→ Your objective
All of the listing should be output exactly, apart from the pictures.

→ Dataset section
================================

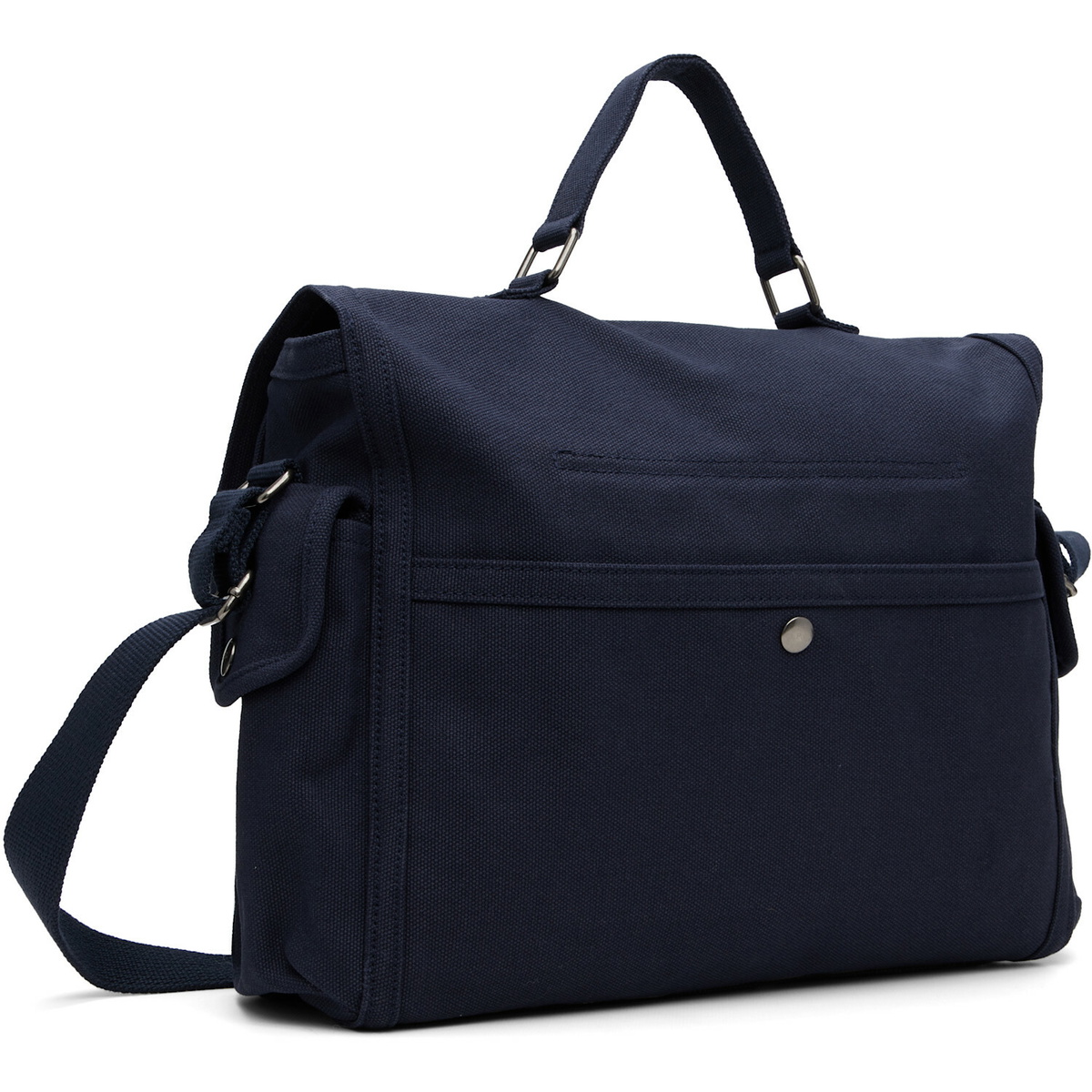 A.P.C. Navy 'Récupération' Messenger Bag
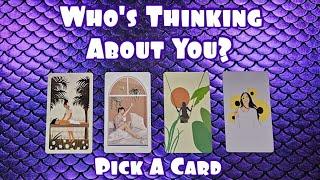 "WHO'S THINKING ABOUT YOU LATELY & WHY?" +Messages/Names/Charms/Details  Pick A Card Tarot Reading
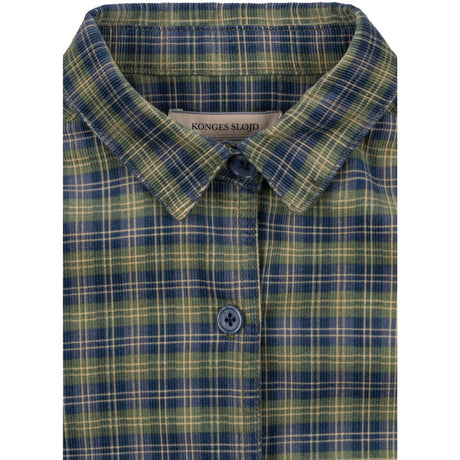 Konges Sløjd Laurel Blue Check Cara Ls Skjorte GOTS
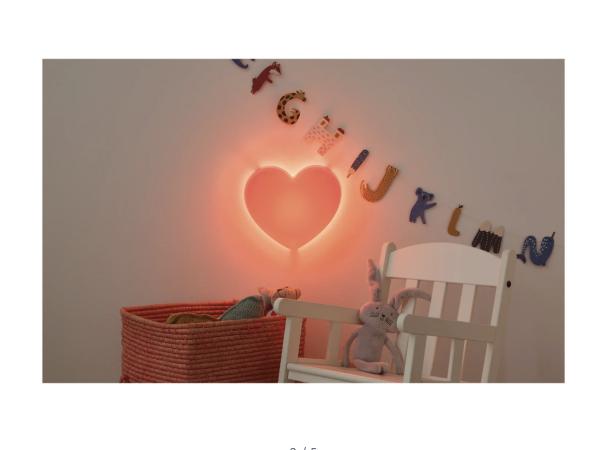 Livarno home LED-wandlamp Hart met timer functie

================================

→ Response area
 A.P.C. Navy 'Récupération' Messenger Bag
 "WHO'S THINKING ABOUT YOU LATELY & WHY?" +Messages/Names/Charms/Details  Pick A Card Tarot Reading
 Konges Sløjd Laurel Blue Check Cara Ls Skjorte GOTS
 Livarno home LED-wandlamp Hart met timer functie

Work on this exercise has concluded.